━━━ RECORDS FOR THIS EXERCISE ━━━

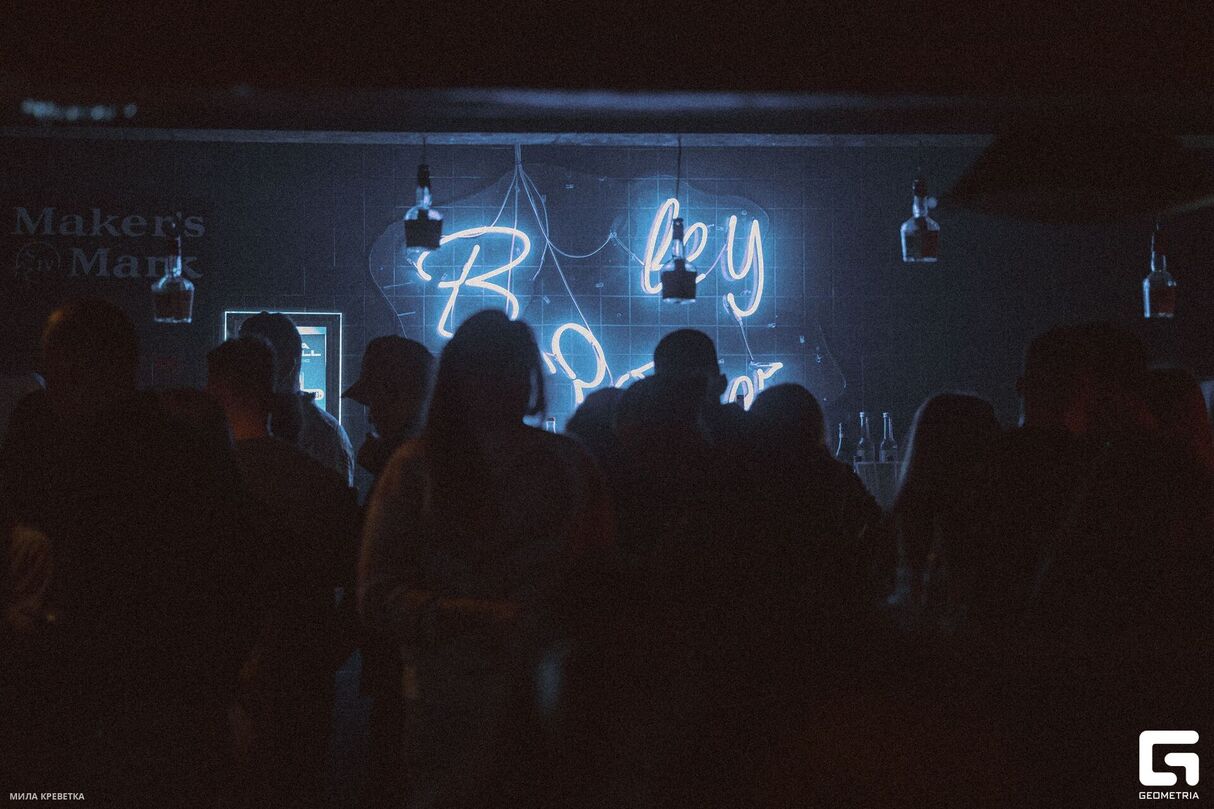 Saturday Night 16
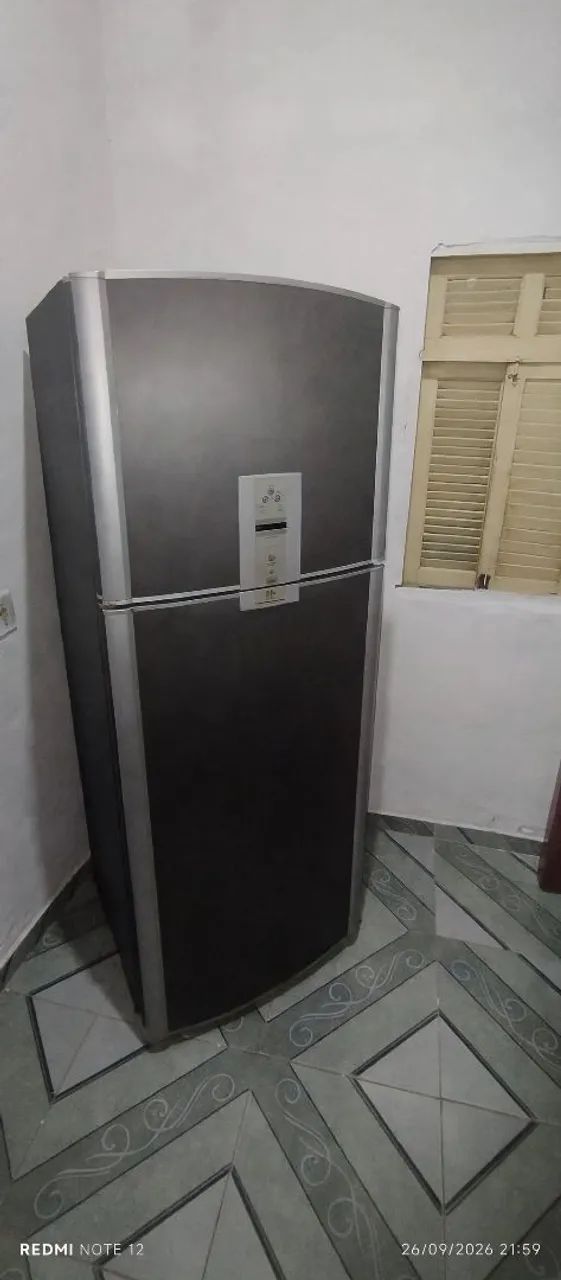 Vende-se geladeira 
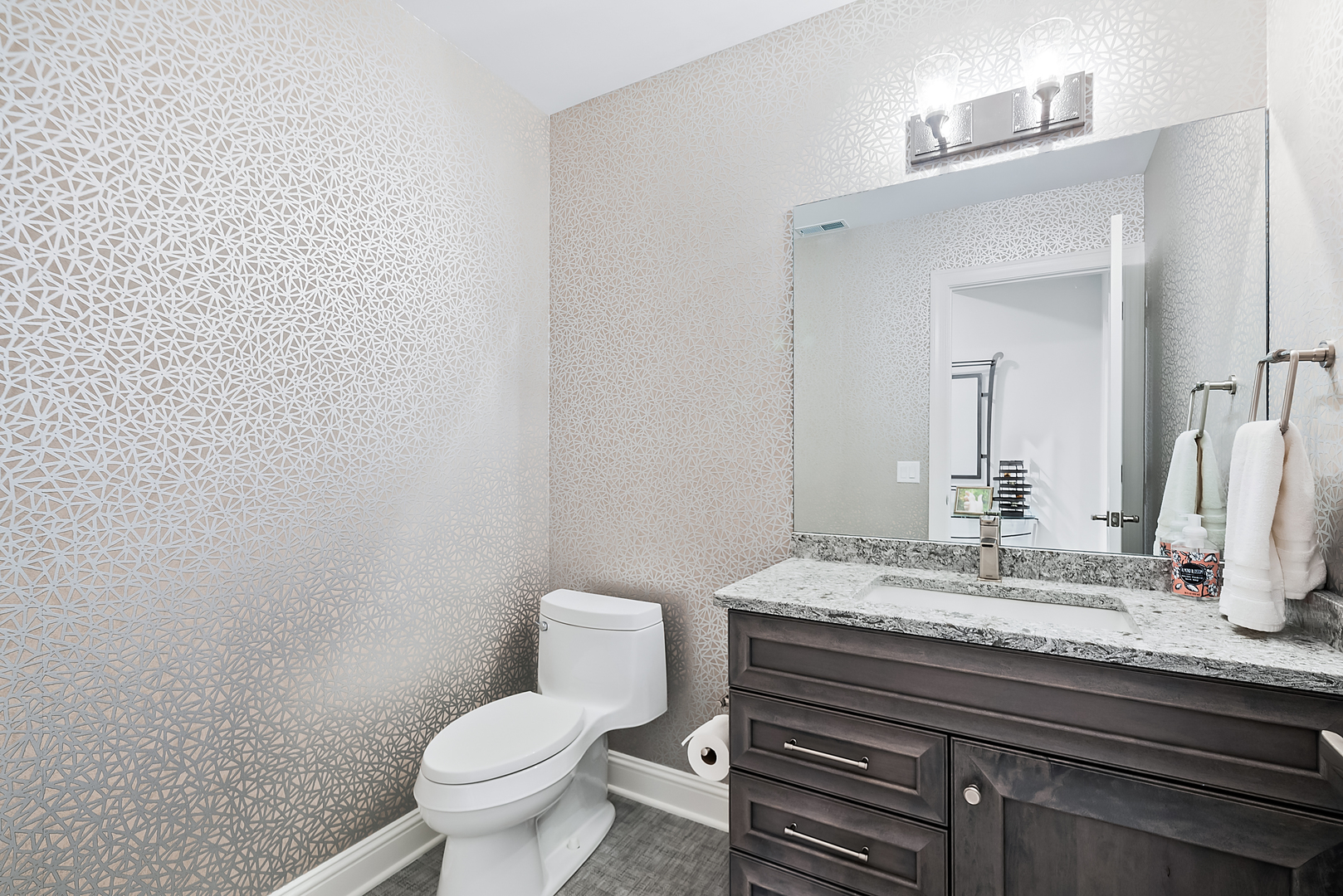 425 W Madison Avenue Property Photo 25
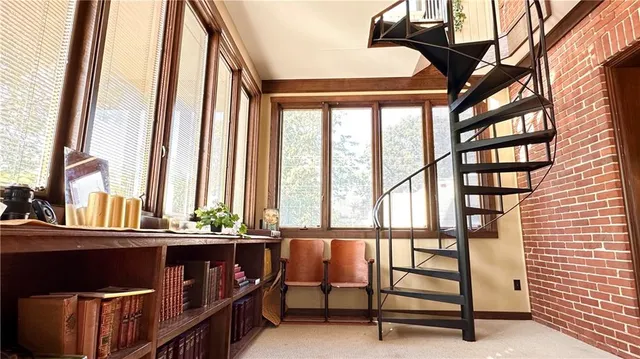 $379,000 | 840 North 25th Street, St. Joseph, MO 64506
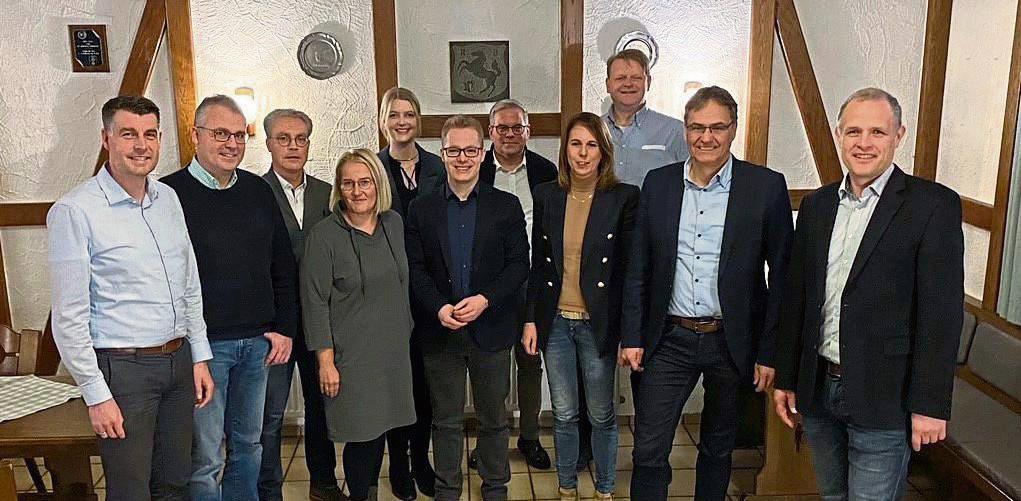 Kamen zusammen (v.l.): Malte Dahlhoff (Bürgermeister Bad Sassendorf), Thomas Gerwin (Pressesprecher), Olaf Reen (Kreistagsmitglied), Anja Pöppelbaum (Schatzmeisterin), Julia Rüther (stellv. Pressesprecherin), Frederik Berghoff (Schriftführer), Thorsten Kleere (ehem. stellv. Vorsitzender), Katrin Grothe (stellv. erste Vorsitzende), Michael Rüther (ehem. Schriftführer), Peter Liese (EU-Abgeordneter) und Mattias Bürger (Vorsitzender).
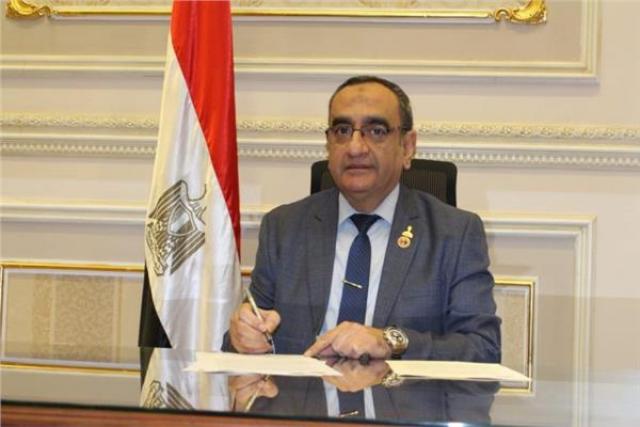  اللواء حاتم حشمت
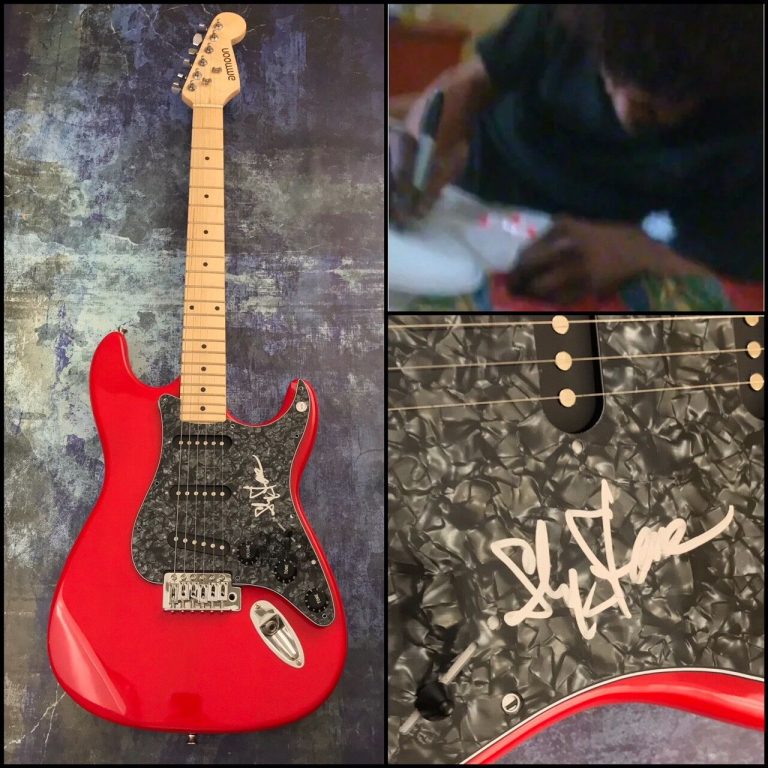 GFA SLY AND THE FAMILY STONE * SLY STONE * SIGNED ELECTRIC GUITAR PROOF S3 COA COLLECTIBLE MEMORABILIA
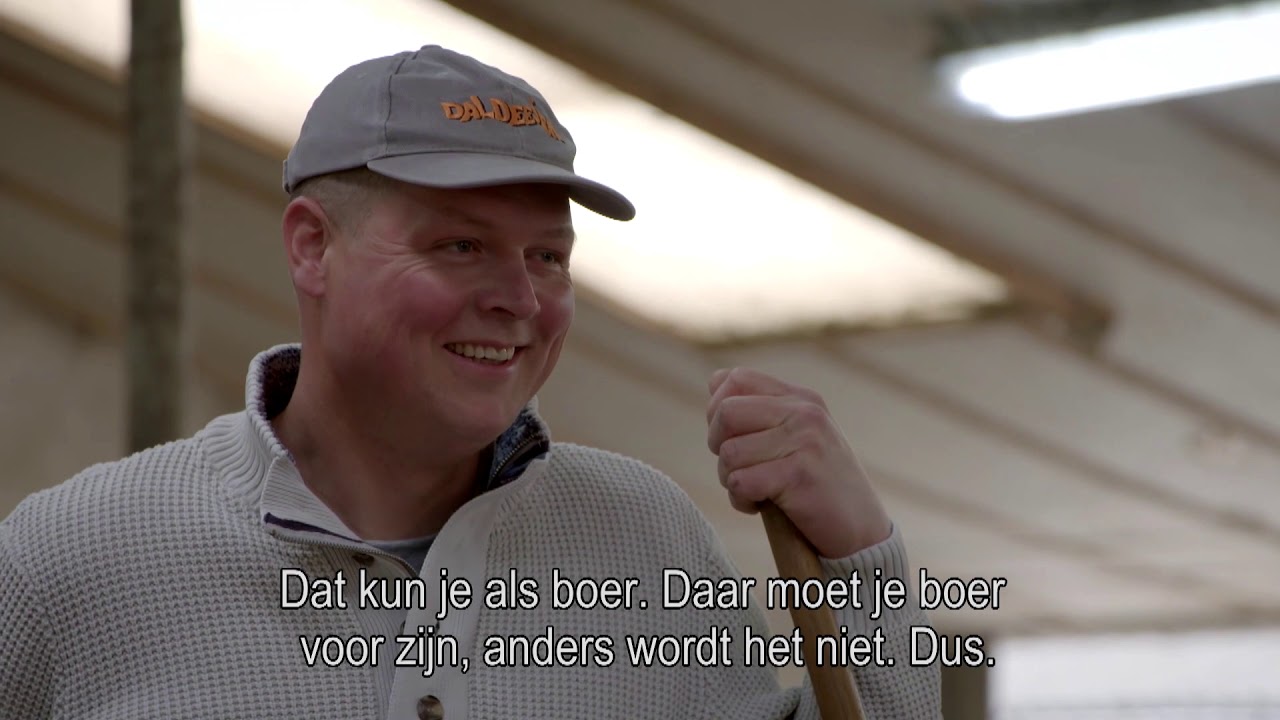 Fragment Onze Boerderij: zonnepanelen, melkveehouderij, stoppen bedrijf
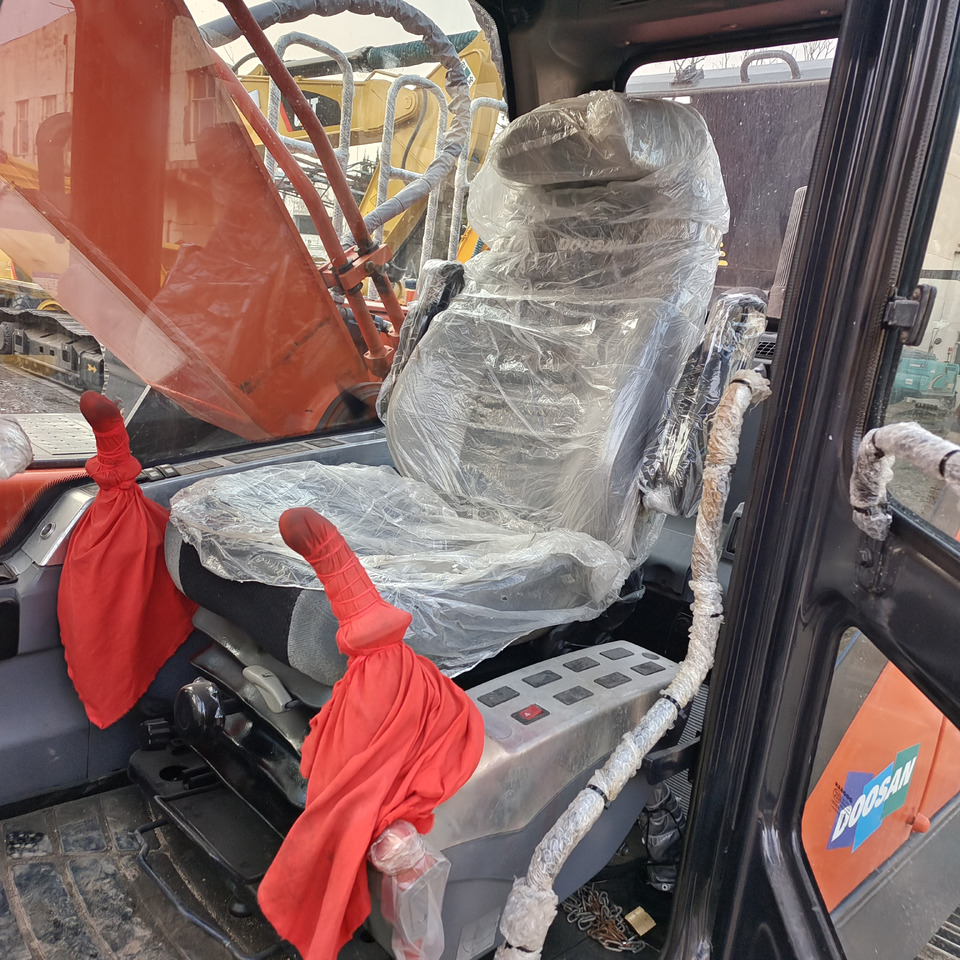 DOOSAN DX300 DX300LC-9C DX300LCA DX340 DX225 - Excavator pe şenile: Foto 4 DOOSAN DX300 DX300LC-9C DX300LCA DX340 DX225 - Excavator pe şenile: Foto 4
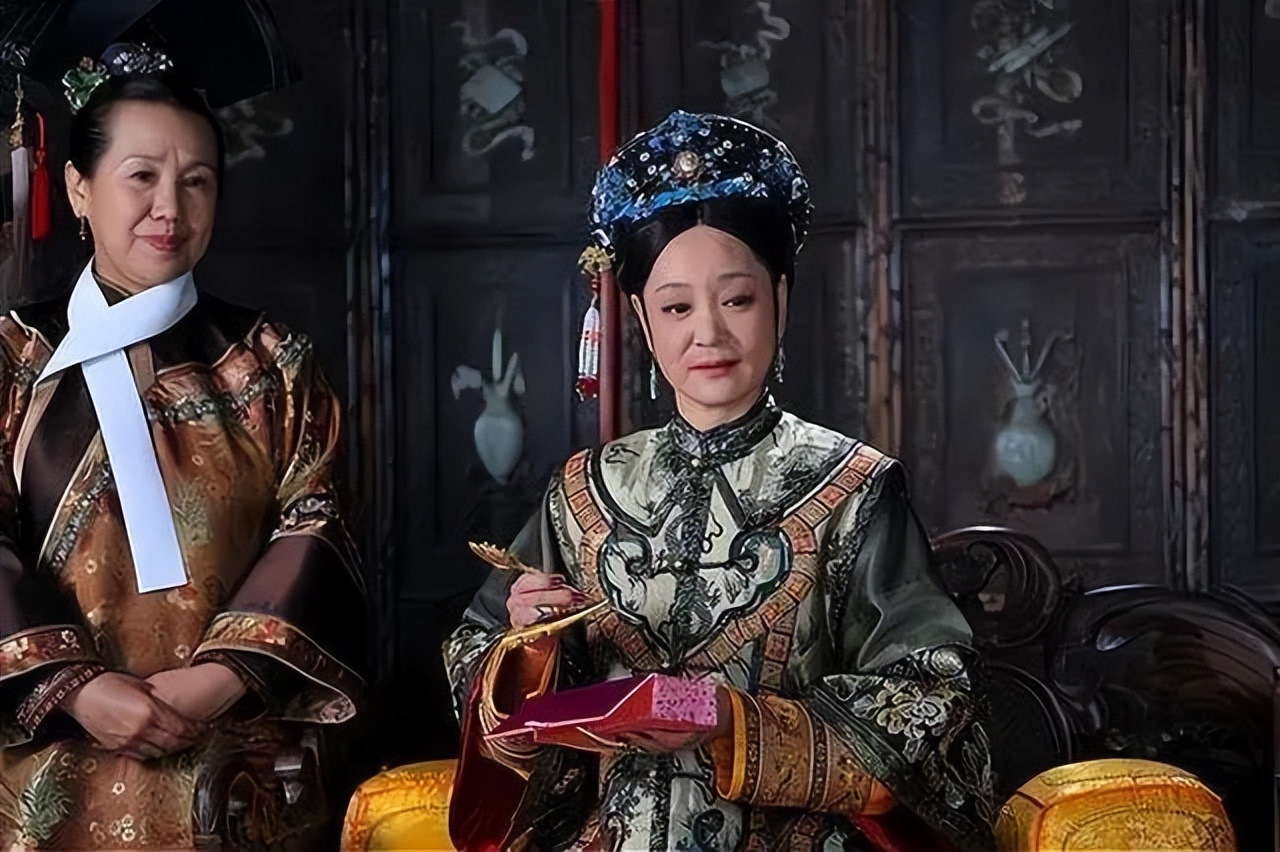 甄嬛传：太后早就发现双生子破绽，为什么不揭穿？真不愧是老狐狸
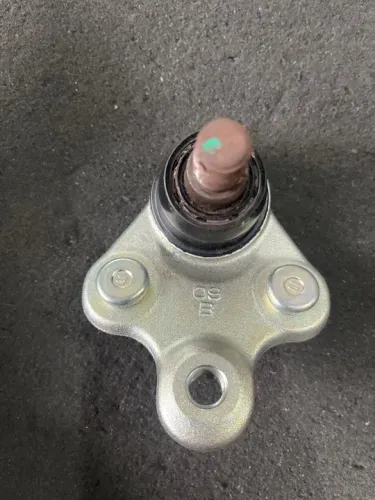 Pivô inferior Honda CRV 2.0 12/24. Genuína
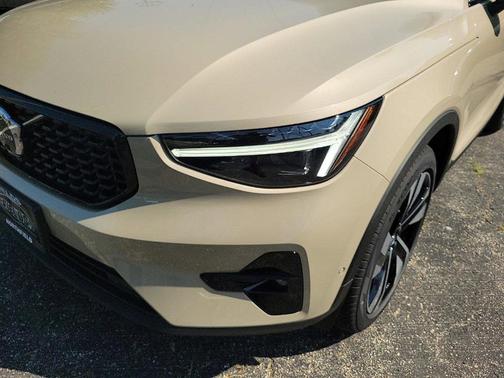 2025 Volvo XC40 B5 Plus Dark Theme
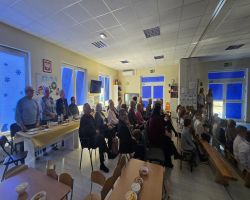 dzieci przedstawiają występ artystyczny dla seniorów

━━━

REQUIREMENT: Beginning with the line where "GFA SLY AND" appears, transcribe the records above word for word through their last line, and include no pictures.

YOUR SOLUTION:
 GFA SLY AND THE FAMILY STONE * SLY STONE * SIGNED ELECTRIC GUITAR PROOF S3 COA COLLECTIBLE MEMORABILIA
 Fragment Onze Boerderij: zonnepanelen, melkveehouderij, stoppen bedrijf
 DOOSAN DX300 DX300LC-9C DX300LCA DX340 DX225 - Excavator pe şenile: Foto 4 DOOSAN DX300 DX300LC-9C DX300LCA DX340 DX225 - Excavator pe şenile: Foto 4
 甄嬛传：太后早就发现双生子破绽，为什么不揭穿？真不愧是老狐狸
 Pivô inferior Honda CRV 2.0 12/24. Genuína
 2025 Volvo XC40 B5 Plus Dark Theme
 dzieci przedstawiają występ artystyczny dla seniorów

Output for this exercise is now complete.